#### [Exercise description]
Copy exactly the lines of the material below that fall between the line with "Tramontina Tempo Tri-Ply" and the line with "win11截屏怎么截快捷鍵，win11截屏怎么截快捷鍵位置", both of those lines included; pictures stay out.

+++ Input for this task

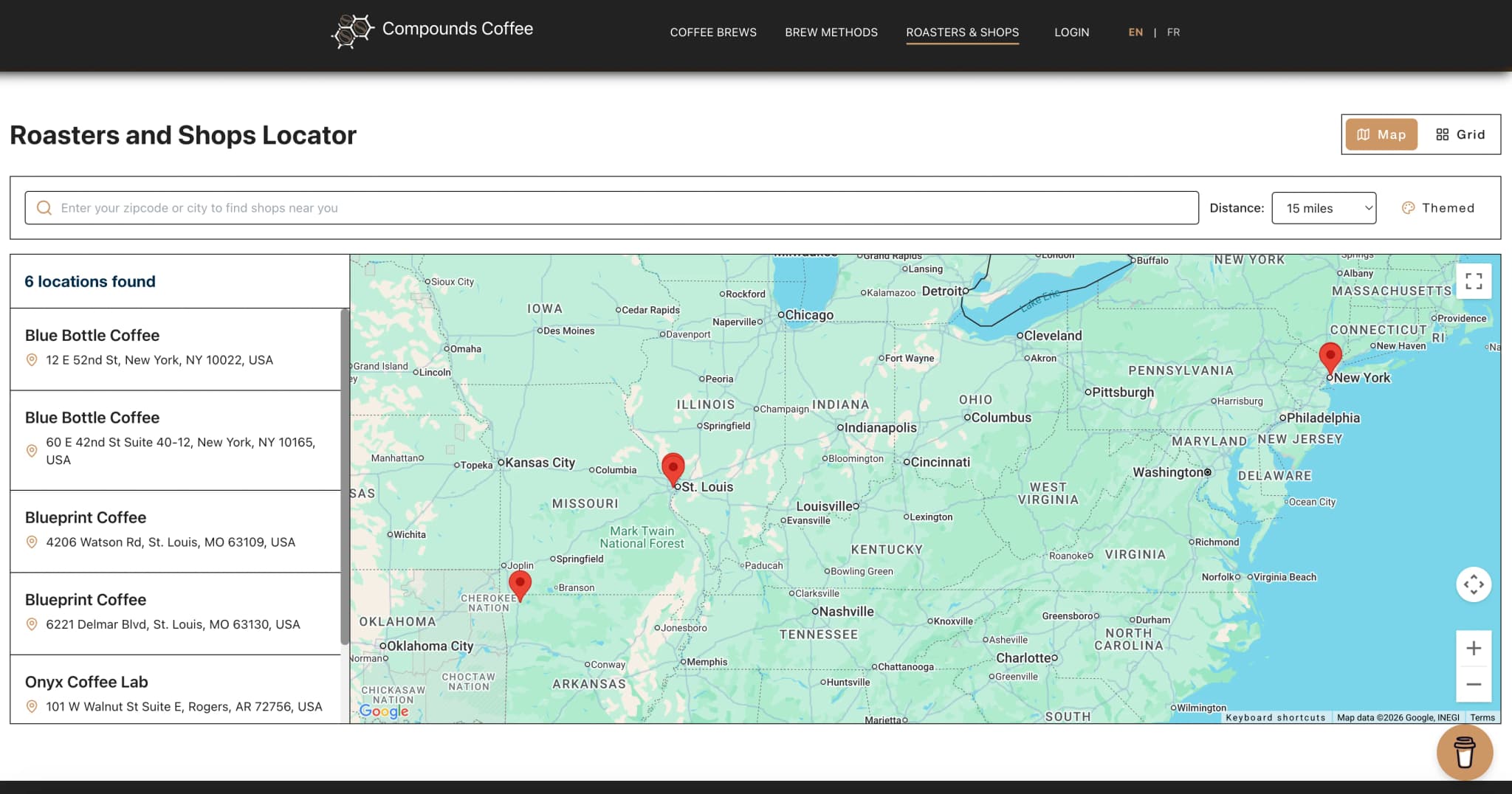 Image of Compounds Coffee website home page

++++++
+++ Input for this task

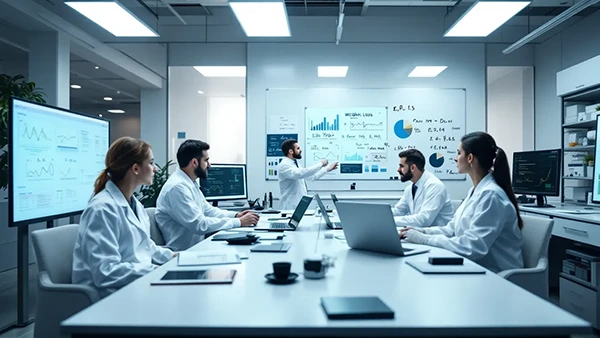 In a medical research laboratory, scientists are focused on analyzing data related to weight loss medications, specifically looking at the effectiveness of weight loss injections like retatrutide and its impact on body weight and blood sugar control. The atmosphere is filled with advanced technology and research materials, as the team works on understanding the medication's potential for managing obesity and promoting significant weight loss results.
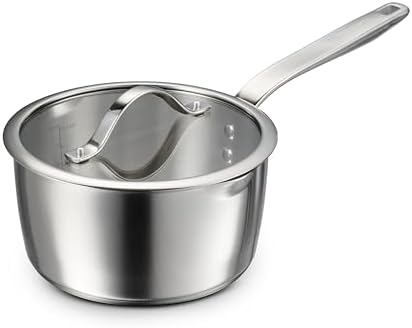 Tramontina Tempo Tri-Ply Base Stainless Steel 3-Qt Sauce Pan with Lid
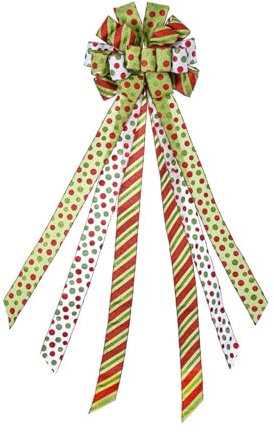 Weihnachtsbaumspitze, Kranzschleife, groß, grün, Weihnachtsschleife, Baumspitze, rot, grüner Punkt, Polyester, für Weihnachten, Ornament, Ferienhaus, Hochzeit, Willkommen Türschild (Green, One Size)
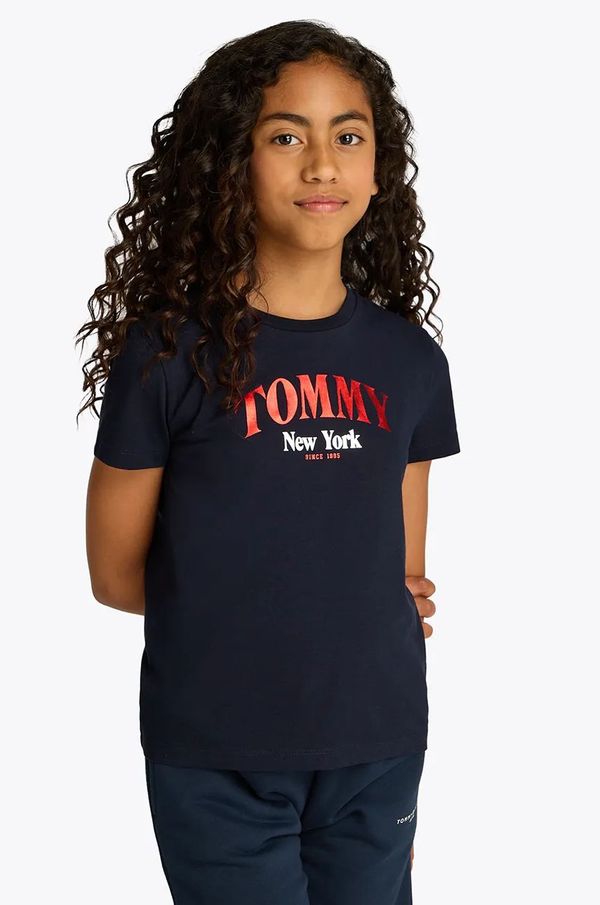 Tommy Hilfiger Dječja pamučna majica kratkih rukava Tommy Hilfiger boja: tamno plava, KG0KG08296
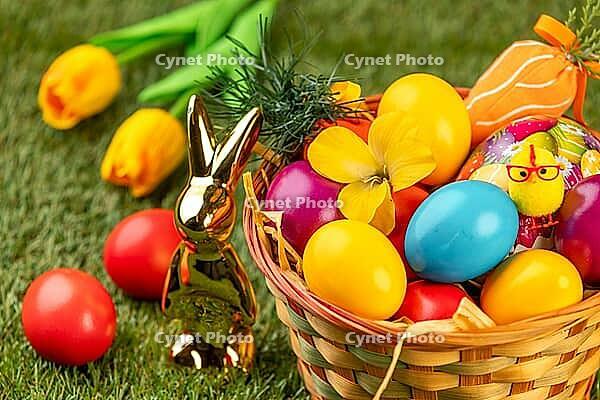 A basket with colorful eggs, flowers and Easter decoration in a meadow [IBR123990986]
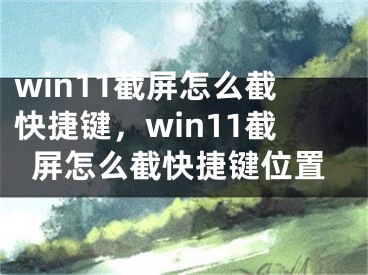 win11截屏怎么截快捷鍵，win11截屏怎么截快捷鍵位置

++++++

#### [Answer to this task]
 Tramontina Tempo Tri-Ply Base Stainless Steel 3-Qt Sauce Pan with Lid
 Weihnachtsbaumspitze, Kranzschleife, groß, grün, Weihnachtsschleife, Baumspitze, rot, grüner Punkt, Polyester, für Weihnachten, Ornament, Ferienhaus, Hochzeit, Willkommen Türschild (Green, One Size)
 Tommy Hilfiger Dječja pamučna majica kratkih rukava Tommy Hilfiger boja: tamno plava, KG0KG08296
 A basket with colorful eggs, flowers and Easter decoration in a meadow [IBR123990986]
 win11截屏怎么截快捷鍵，win11截屏怎么截快捷鍵位置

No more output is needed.